- **WHAT YOU SHOULD DO**: All that is needed is the run of lines from the top of the entries to the line with "In this video, I'm", that line included, repeated exactly and free of pictures.

──────── EXERCISE INPUT ────────

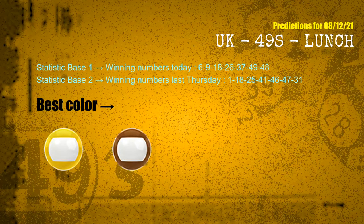According to the statistics above, with winning numbers today — 06, 09, 18, 26, 37, 49, 48 — and winning numbers last Thursday — 01, 18, 25, 41, 46, 47, 31 — the frequent following colors are yellow and brown.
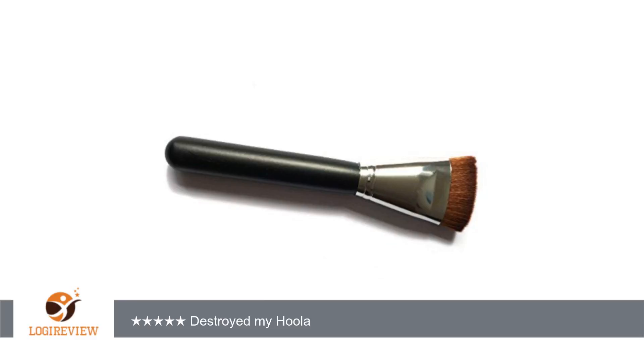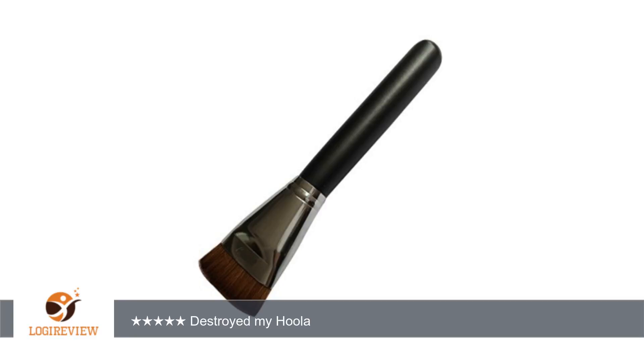I used a new contour palette and it wouldn't blend my product, so I figured it was my product, not the brush. So then I tried to use it on my Hoola bronzer from Benefit Cosmetics and it would not blend it either.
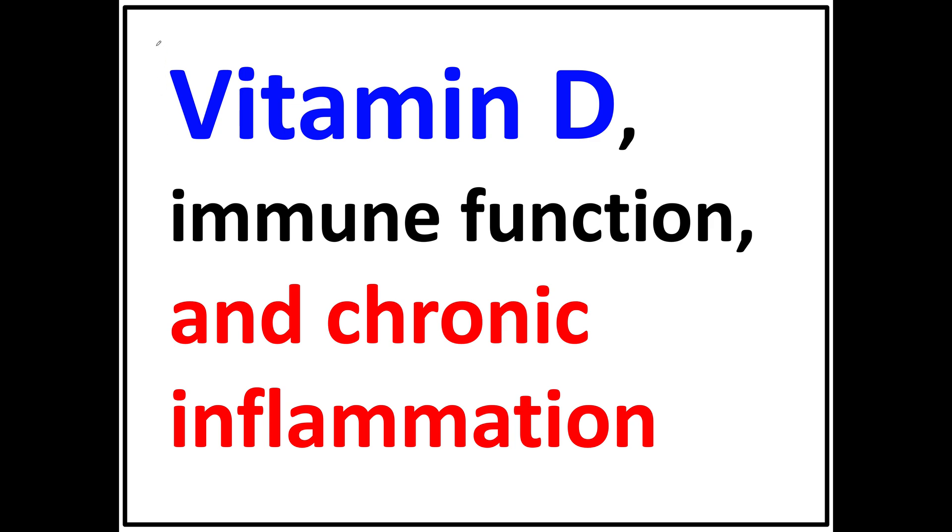In this video, I'm going to explain how vitamin D influences immune function and chronic inflammation. A deficiency in vitamin D stimulates pro-inflammatory immune function, and that influences the expression of a host of different diseases.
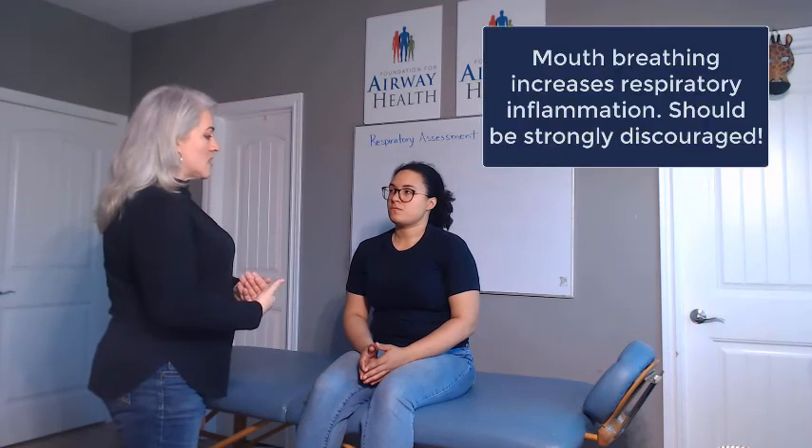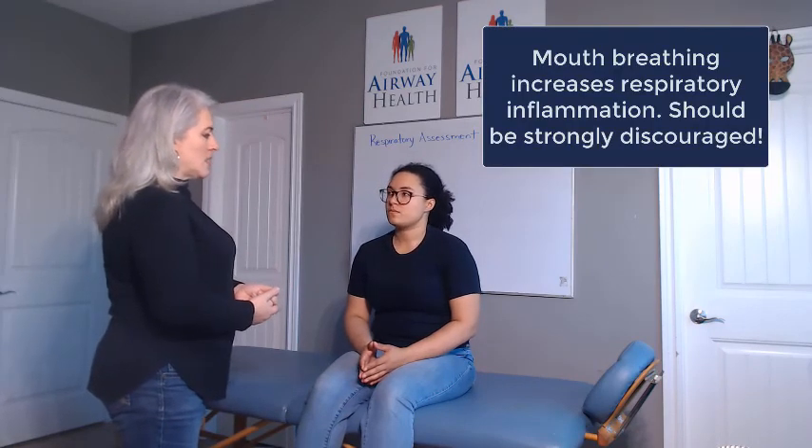We also want to turn on your nose and get it working. Try to breathe more through your nose than through your mouth, because when you breathe through your mouth, you create inflammation in your lungs that's going to make your asthma worse. We'll try that now.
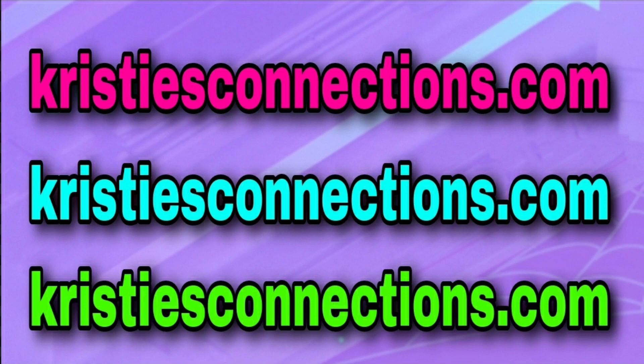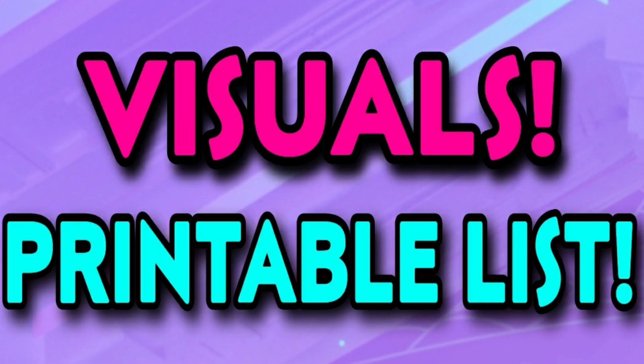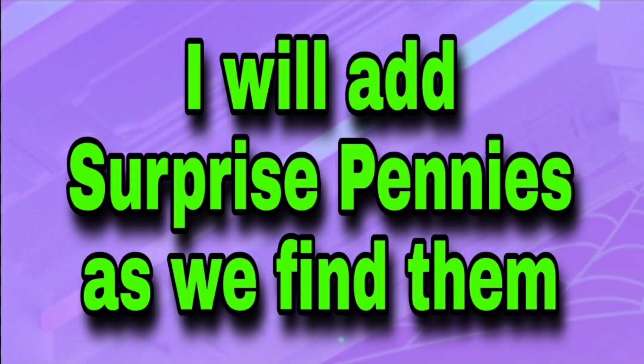All right guys, because of what these are, I actually decided not to put these in a video because I don't want to get in any kind of trouble with YouTube, so they are over on my website, Christy's Connections.com. There's a direct link to that page in the description box, and as soon as this video is uploaded I will pin it in the comments as well. There are visuals over there, and I even made you a printable list because it is a lot of them.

────────

- **RESPONSE AREA**:
According to the statistics above, with winning numbers today — 06, 09, 18, 26, 37, 49, 48 — and winning numbers last Thursday — 01, 18, 25, 41, 46, 47, 31 — the frequent following colors are yellow and brown.
I used a new contour palette and it wouldn't blend my product, so I figured it was my product, not the brush. So then I tried to use it on my Hoola bronzer from Benefit Cosmetics and it would not blend it either.
In this video, I'm going to explain how vitamin D influences immune function and chronic inflammation. A deficiency in vitamin D stimulates pro-inflammatory immune function, and that influences the expression of a host of different diseases.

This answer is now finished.